_Recorded information_
^^^^
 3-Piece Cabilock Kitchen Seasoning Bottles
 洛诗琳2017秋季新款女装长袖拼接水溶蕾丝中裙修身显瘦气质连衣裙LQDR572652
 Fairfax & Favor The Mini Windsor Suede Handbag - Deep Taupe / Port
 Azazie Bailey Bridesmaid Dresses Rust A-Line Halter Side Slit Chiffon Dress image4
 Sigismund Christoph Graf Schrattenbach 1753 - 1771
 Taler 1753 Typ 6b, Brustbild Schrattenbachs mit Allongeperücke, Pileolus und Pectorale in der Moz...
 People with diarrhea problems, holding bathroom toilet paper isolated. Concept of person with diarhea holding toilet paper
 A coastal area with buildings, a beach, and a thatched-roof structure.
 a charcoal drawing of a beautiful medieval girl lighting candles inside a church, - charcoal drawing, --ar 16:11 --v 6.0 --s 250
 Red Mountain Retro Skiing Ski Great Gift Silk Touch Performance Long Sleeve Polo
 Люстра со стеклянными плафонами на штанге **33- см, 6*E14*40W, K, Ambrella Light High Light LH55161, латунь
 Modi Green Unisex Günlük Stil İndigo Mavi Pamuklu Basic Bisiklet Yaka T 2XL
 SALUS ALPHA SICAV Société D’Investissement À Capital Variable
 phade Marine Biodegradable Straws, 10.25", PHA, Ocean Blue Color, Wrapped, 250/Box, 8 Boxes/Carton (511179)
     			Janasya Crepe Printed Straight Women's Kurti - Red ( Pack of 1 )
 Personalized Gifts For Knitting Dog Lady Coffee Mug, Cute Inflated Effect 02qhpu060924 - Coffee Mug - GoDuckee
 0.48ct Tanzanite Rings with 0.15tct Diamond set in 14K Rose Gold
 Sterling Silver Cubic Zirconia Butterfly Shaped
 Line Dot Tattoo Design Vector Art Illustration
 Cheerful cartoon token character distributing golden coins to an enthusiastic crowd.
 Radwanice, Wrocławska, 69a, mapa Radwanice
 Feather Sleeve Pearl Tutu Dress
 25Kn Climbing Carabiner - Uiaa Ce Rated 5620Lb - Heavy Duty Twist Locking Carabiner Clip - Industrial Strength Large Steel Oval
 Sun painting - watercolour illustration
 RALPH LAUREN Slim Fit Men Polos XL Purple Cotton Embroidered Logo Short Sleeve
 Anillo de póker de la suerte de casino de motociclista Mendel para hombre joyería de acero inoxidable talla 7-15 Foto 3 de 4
^^^^
_Task prompt_
Please count how many lines in the preceding records hold the word "Sleeve", then give only that number.

_Answer section_
3